В целом, решение мизансцен совершенно неубедительно: персонажи часто просто не знают, что им делать, жестикуляция скованная и непонятная. Что, возможно, можно объяснить заменой ведущих солистов – в последний момент вместо Нила Шикоффа (Герман) и Марины Поплавской (Лиза) на сцену вышли Мариан Талабу и Асмик Папян.
Теперь о музыкальной составляющей. Оркестр (дирижер Марко Летония) и хор (хормейстер Томас Ланг) были на должном уровне, пожалуй, за исключением Сцены грозы.

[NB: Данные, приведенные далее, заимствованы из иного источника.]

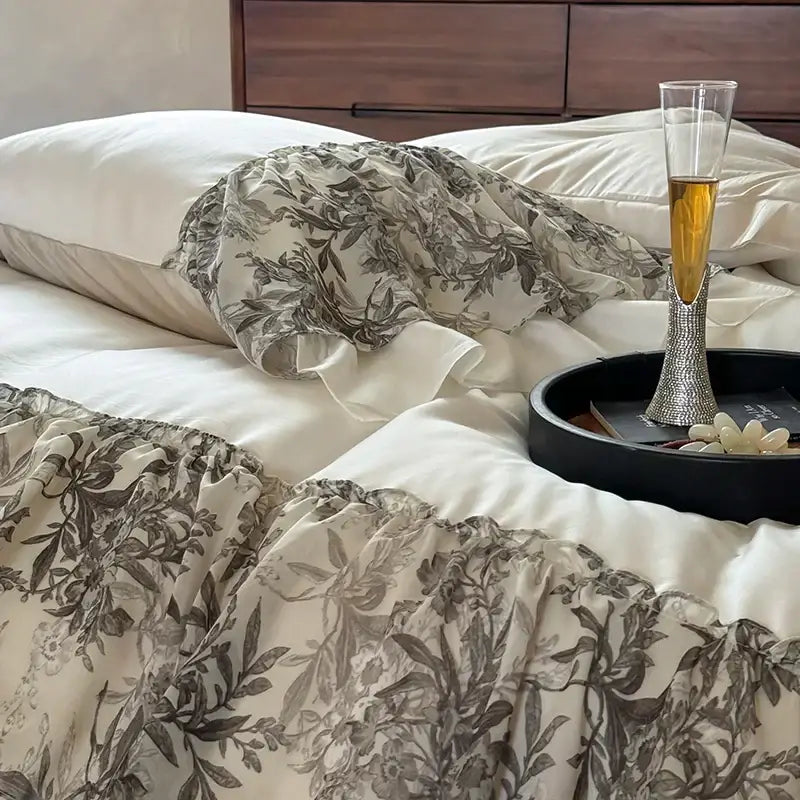 A champagne flute with a diamond-encrusted stem on a black tray beside the decorbites luxe lace ruffles bedding set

Герман в первом и втором действиях слышен почти не был, в конце немного "распелся", однако, его драматическая составляющая была минимальной. Голос исполнителя больше камерный, достаточно слабый, идеально подходящий для второстепенной теноровой роли, например, Артура в "Лючии" Доницетти. Папян, обладательница достойного красивого голоса, на мой взгляд, была не слишком убедительна в роли Лизы: типичная представительница "женщин в русских селеньях", но никак не утончённая Лиза.
Надя Крастева была замечательна как Полина, так и в партии Миловзора. Графиня (легендарная Грейс Бамбри, только что отпраздновавшая 75-летие и решившая вновь выйти на сцену спустя десять лет после официального прощания) и Томский (Томас Томассон) были более чем достойны, Елецкий (Эйхиро Каи) несколько проигрывал в своем образе, какой-то он был «забитый», но пел хорошо ("состражду Вам я всей душой" технически прозвучало безукоризненно).
Как во время спектакля, так и по окончании, публика активно аплодировала, однако, настоящего теплого приема венцев (те, кто часто посещает Штаатсопер, меня поймут) не наблюдалось.
Невольно вспоминается еще одна относительно экспериментальная постановка «Пиковой» в Париже (постановка Льва Додина). Там также игнорируется либретто. Но в постановке Додина есть цельность, СМЫСЛ и идея. Здесь же лично мне не удалось увидеть ни того, ни другого, ни третьего. Зато есть стрельба, эротика в различных ее вариациях, перенесение в современность, и отсутствие вкуса, в общем, как говорится, полный джентльменский набор "режоперы", опций, вполне вписывающиеся в концепцию провинциального театра, но никак не Венской Штаатсопер.